** Opening Available data block **

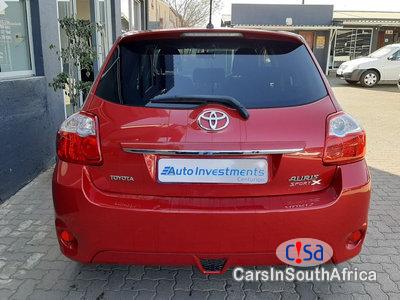 Toyota Auris 1.6 Manual 2010 - image 4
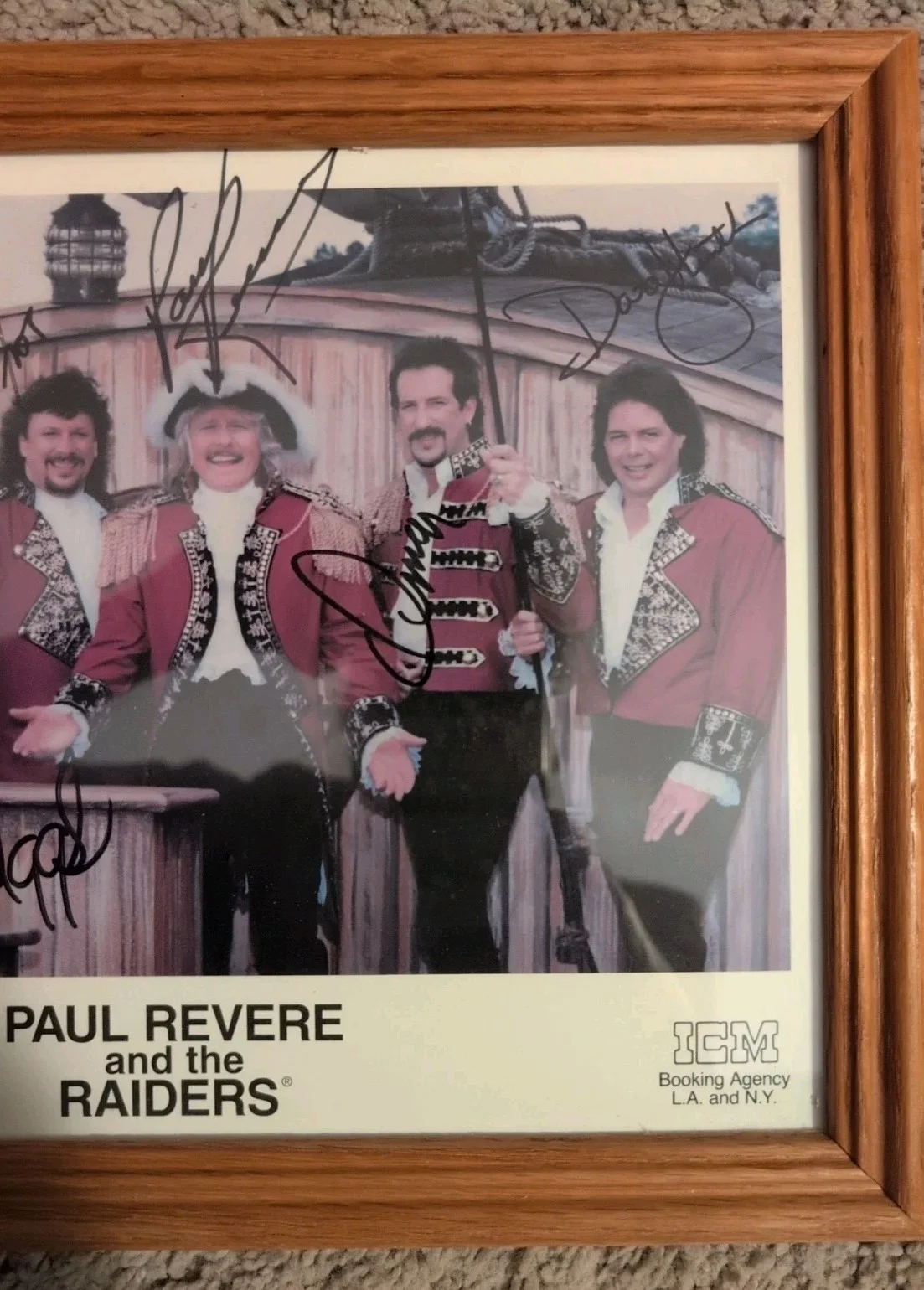 Paul Revere & The Raiders Signed Photo by all 6 Band Members, изображение 3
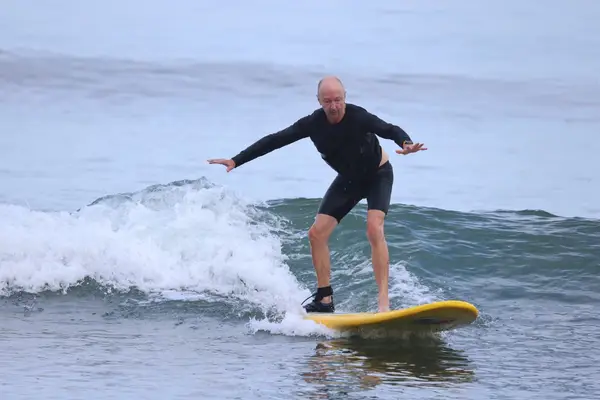 pilar surf school mancora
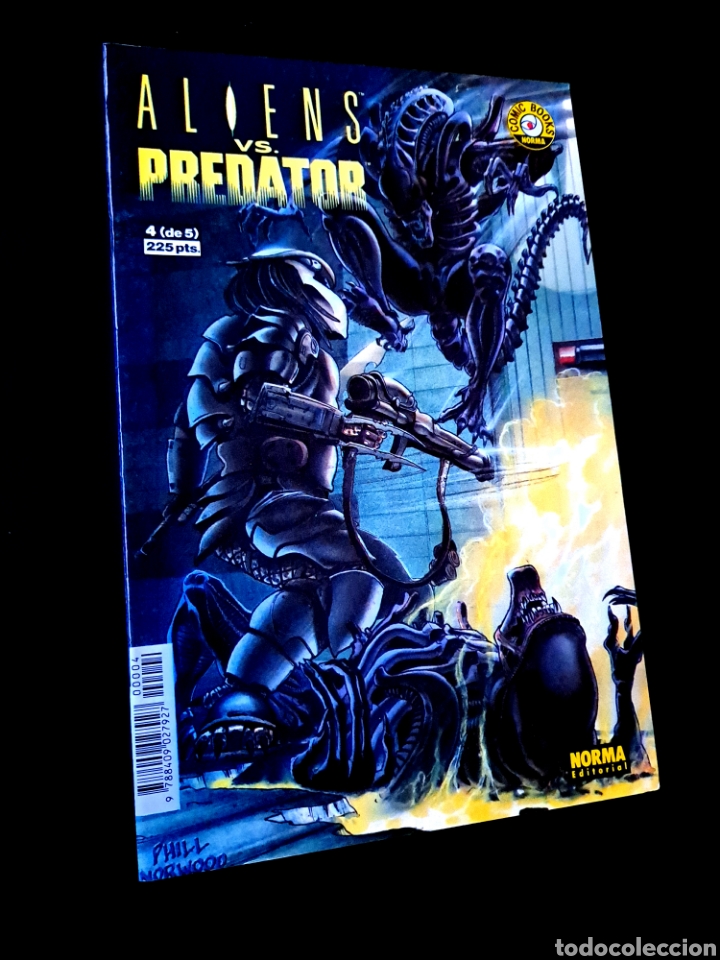 C&oacute;mics: MUY BUEN ESTADO ALIENS VS PREDATOR 4 COMICS NORMA - Foto 1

** Closing Available data block **

Action item:
Beginning with the line that holds "pilar surf school mancora", extract every line to the end of the material, exactly as it stands, and drop the pictures.

Solution below:
 pilar surf school mancora
 C&oacute;mics: MUY BUEN ESTADO ALIENS VS PREDATOR 4 COMICS NORMA - Foto 1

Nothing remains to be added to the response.